Pemerintah Amerika Serikat di bawah Presiden Donald Trump sedang menghadapi tantangan ekonomi yang cukup berat. Kondisi ini menimbulkan kekhawatiran akan terjadinya stagflasi, yaitu situasi ketika pertumbuhan ekonomi melambat tetapi inflasi tetap tinggi. Menurut analis ekonomi Torsten Sløk dari Apollo, ada tiga hambatan utama yang menghalangi prospek ekonomi AS hingga tahun 2026. Pertama, kebijakan tarif impor yang membuat harga barang naik dan menekan pertumbuhan produk domestik bruto (PDB). Kedua, pembatasan imigrasi yang mengurangi jumlah tenaga kerja di pasar. Ketiga, dimulainya kembali pembayaran pinjaman mahasiswa yang membuat daya beli masyarakat berkurang.

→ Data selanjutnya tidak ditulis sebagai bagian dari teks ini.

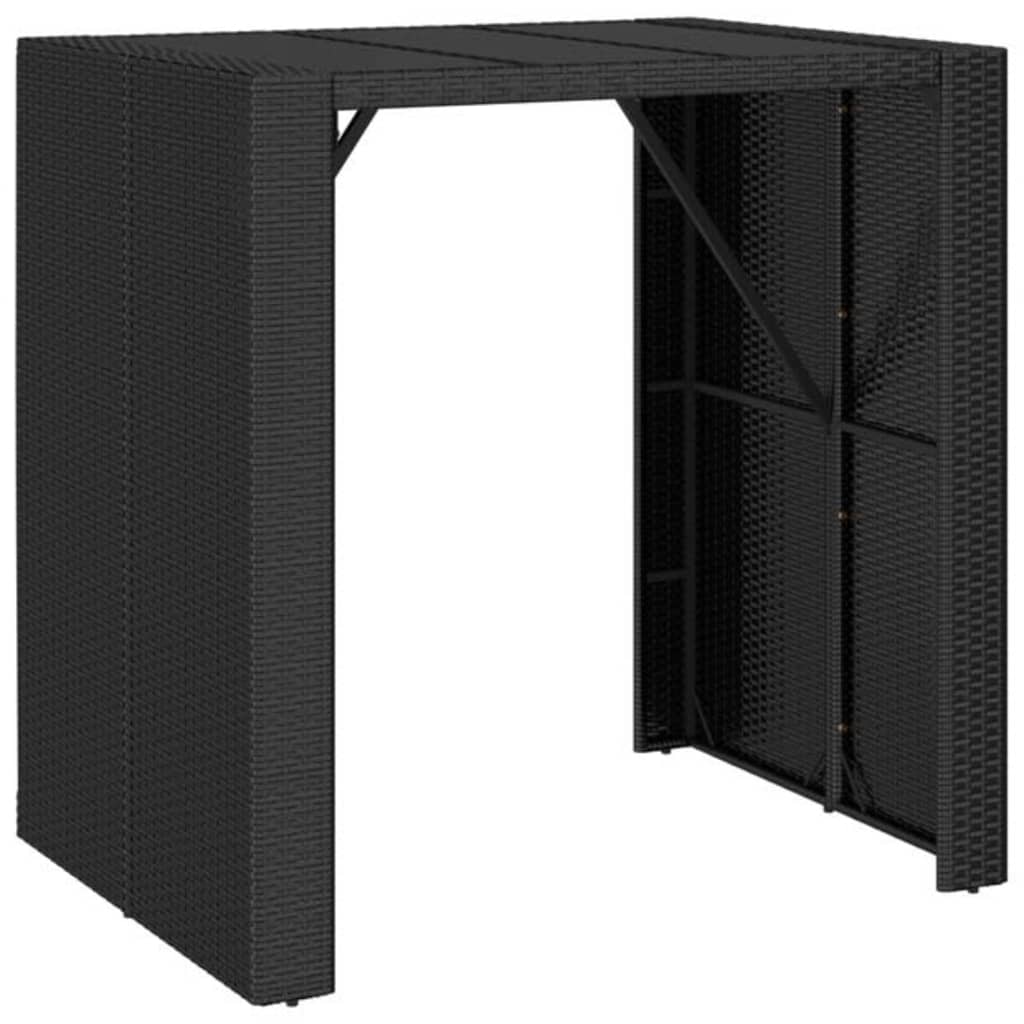 Garden Bar Set | Black | PE rattan, powder-coated steel, tempered glass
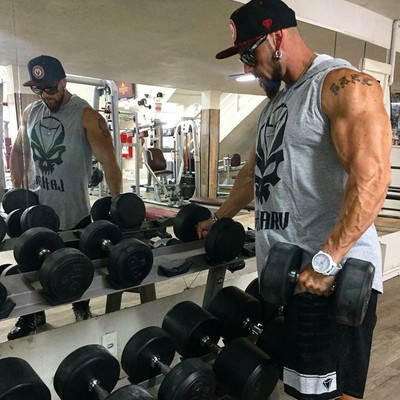 Maieu pentru bărbați cu glugă și imprimeu în negru și gri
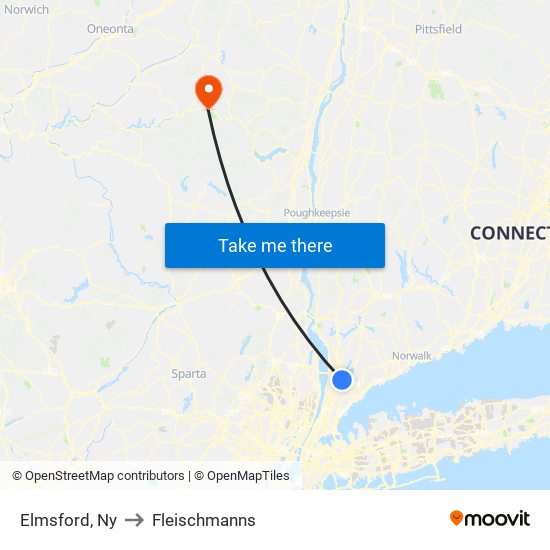 Elmsford, Ny to Fleischmanns map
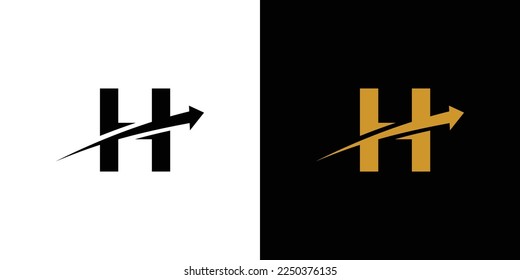 modernes und einzigartiges Design in Pfeilrichtung H-Buchstaben Logo 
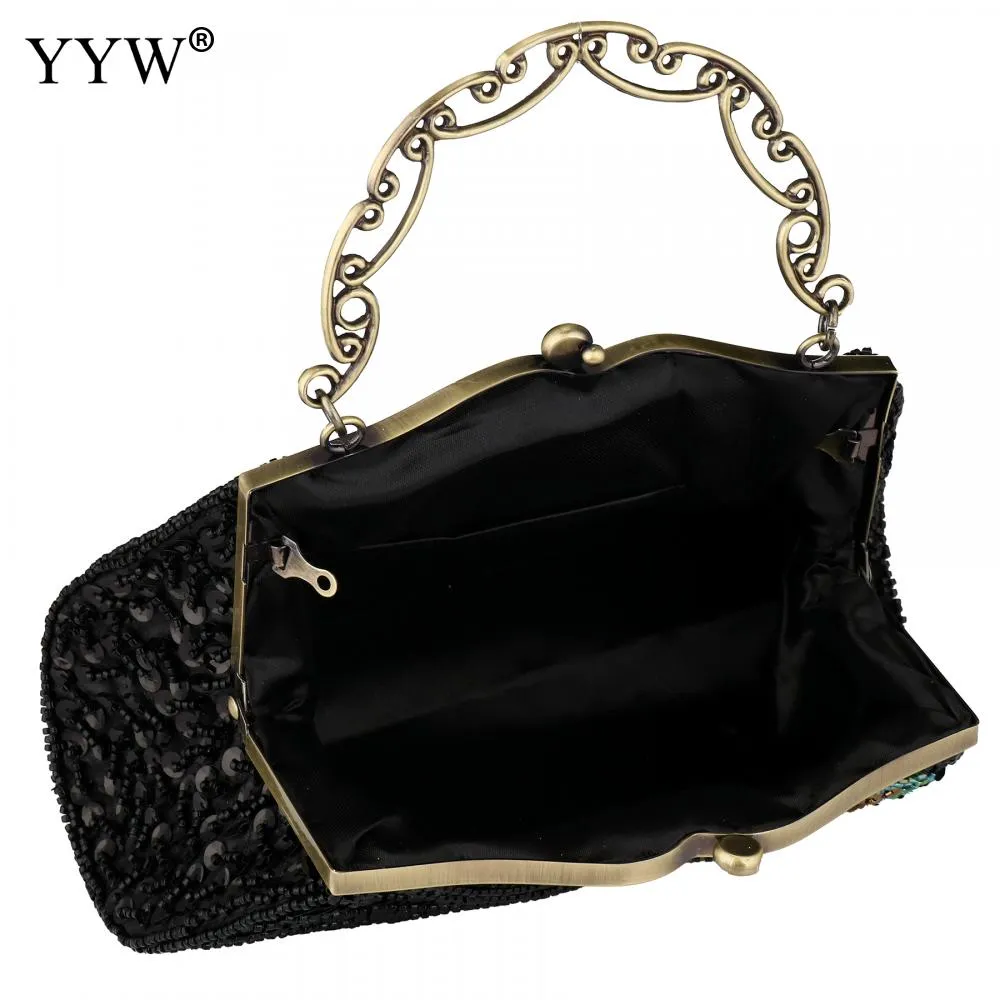 Women'S Clutches Evening Bags with Handle Peacock Pattern Sequins Beaded Bridal Handbags Luxury Lady Shoulder Messenger Purse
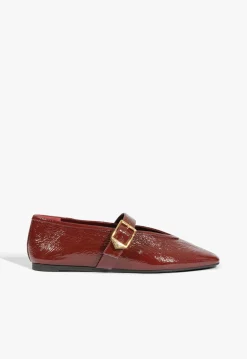 Schutz Courtney Buckle Patent Flat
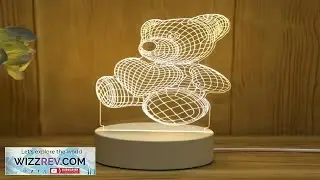 3D Creative Bear Lamp Acrylic USB LED Night Lights Lamp Xmas Christmas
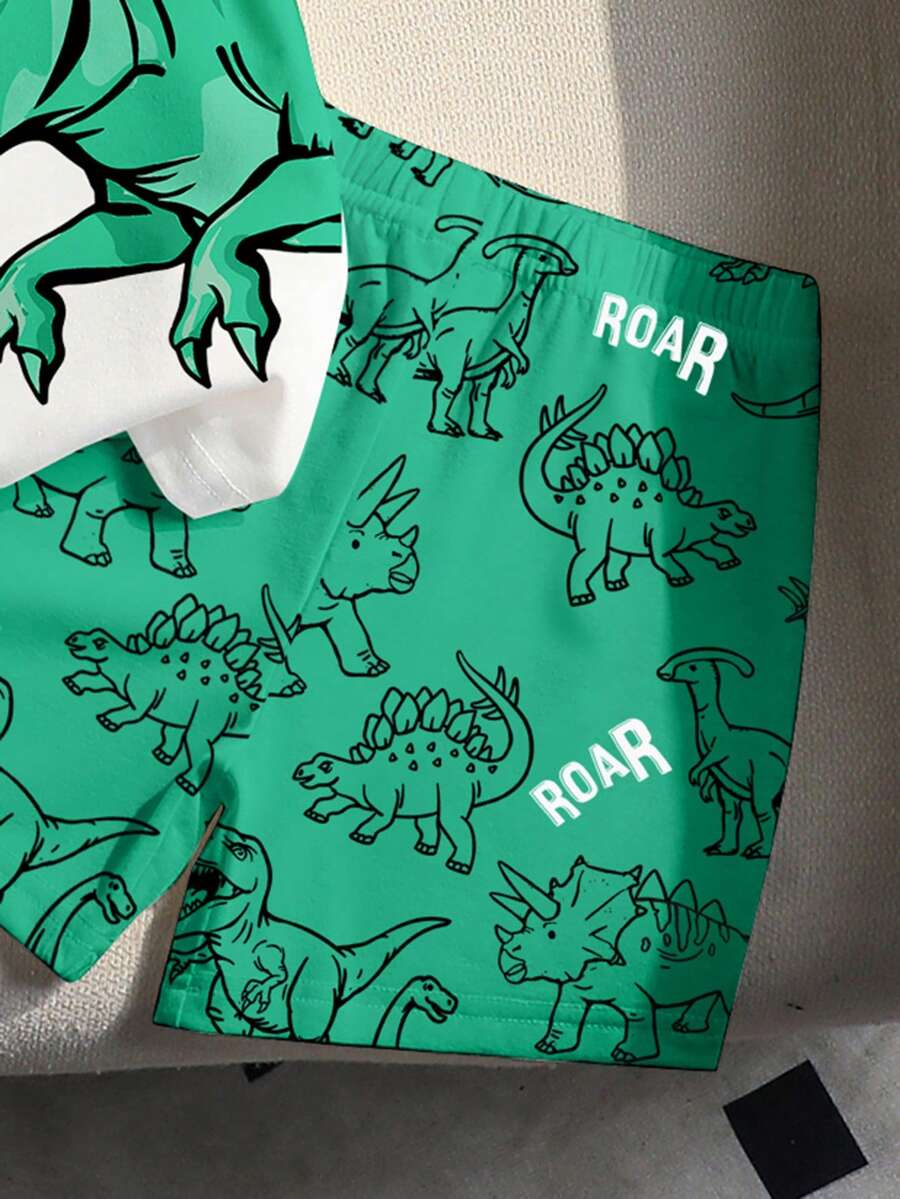 Baby Boy Blue Dinosaur Print T Shirt and Matching Shorts Summer Outfit Set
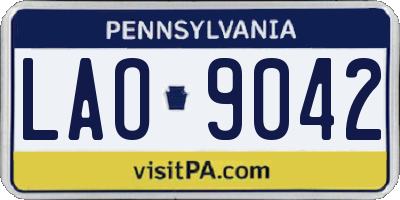 PA license plate LAO9042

Artikel ini merujuk pada diskusi bertajuk Global Economic Outlook 2026 yang diselenggarakan oleh World Knowledge Forum, sebuah forum internasional yang berfokus pada isu-isu ekonomi global dan kebijakan strategis. Acara tersebut menampilkan tiga pakar ekonomi terkemuka, yaitu Torsten Sløk, Larry Hatheway, dan William Lee, yang dikenal luas karena analisis tajam mereka terhadap dinamika pasar dan kebijakan ekonomi global.
Diskusi yang diunggah pada 31 Oktober 2025 di kanal resmi World Knowledge Forum (dengan 199 ribu pelanggan dan telah ditonton lebih dari 12 ribu kali) membahas berbagai tantangan ekonomi dunia menjelang tahun 2026. Topik utamanya meliputi ketidakpastian geopolitik, pengetatan kebijakan moneter, serta restrukturisasi rantai pasokan global. Dalam sesi tersebut, para ahli menyoroti arah kebijakan ekonomi Amerika Serikat di bawah pemerintahan Trump, prospek pertumbuhan global, serta strategi investasi yang relevan di tengah perubahan struktural ekonomi dunia.
Meskipun ada beberapa faktor positif seperti kenaikan harga saham dan kemungkinan pemotongan suku bunga oleh Federal Reserve, Sløk menilai hambatan-hambatan tersebut lebih kuat. Ia memperkirakan pertumbuhan ekonomi riil AS hanya akan berada di kisaran 1,1% hingga 1,9%, sementara inflasi bisa meningkat mendekati 3%. Sløk juga menyoroti bahwa dampak inflasi di AS lebih berat dibandingkan negara lain, seperti Korea Selatan, karena kebijakan perdagangan Trump yang keras terhadap banyak negara sekaligus. Hal ini menciptakan risiko struktural yang unik bagi ekonomi Amerika.
Pandangan lain datang dari William Lee, yang berpendapat bahwa kebijakan tarif Trump sebenarnya lebih mirip kebijakan investasi. Tujuannya adalah menarik modal asing agar mau berinvestasi dan memproduksi di dalam negeri. Namun, Larry Hatheway dari Franklin Templeton menilai ada inkonsistensi besar dalam kebijakan ekonomi Trump. Di satu sisi, pemerintah ingin mengurangi defisit perdagangan, tetapi di sisi lain tetap mempertahankan defisit anggaran yang tinggi dan mendorong ledakan investasi. Menurut Hatheway, jika defisit perdagangan berhasil ditekan, arus modal dari luar negeri akan menurun. Akibatnya, investasi yang meningkat harus didanai dari tabungan dalam negeri atau dengan menaikkan suku bunga riil.
Di sisi lain, Sløk melihat masih ada peluang jangka panjang bagi investor di AS, terutama di sektor transisi energi, pusat data, dan kecerdasan buatan (AI). Ketiga sektor ini memerlukan investasi besar dan cocok bagi investor yang memiliki tanggungan jangka panjang, seperti dana pensiun. Saat ini juga terjadi tren besar di mana investor institusional mulai beralih ke pasar privat, khususnya pada kredit privat, untuk mencari hasil yang lebih tinggi. Sekitar 90% perusahaan di AS dengan pendapatan lebih dari 100 juta dolar kini bersifat privat.
Hatheway menambahkan bahwa pergeseran ke aset privat ini mengubah cara investor membangun portofolio. Kini, portofolio tidak hanya harus mempertimbangkan risiko dan imbal hasil, tetapi juga likuiditas, atau seberapa mudah aset tersebut bisa dijual kembali. Dalam menghadapi perubahan besar dalam lanskap ekonomi global ini, para ahli berpesan agar investor tidak panik. Sebaliknya, mereka disarankan untuk tetap tenang, fokus meningkatkan kualitas portofolio mereka—baik di aset kredit maupun saham—dan berhati-hati dalam mengelola likuiditas agar tetap aman dari risiko perlambatan ekonomi dan kenaikan suku bunga di masa depan.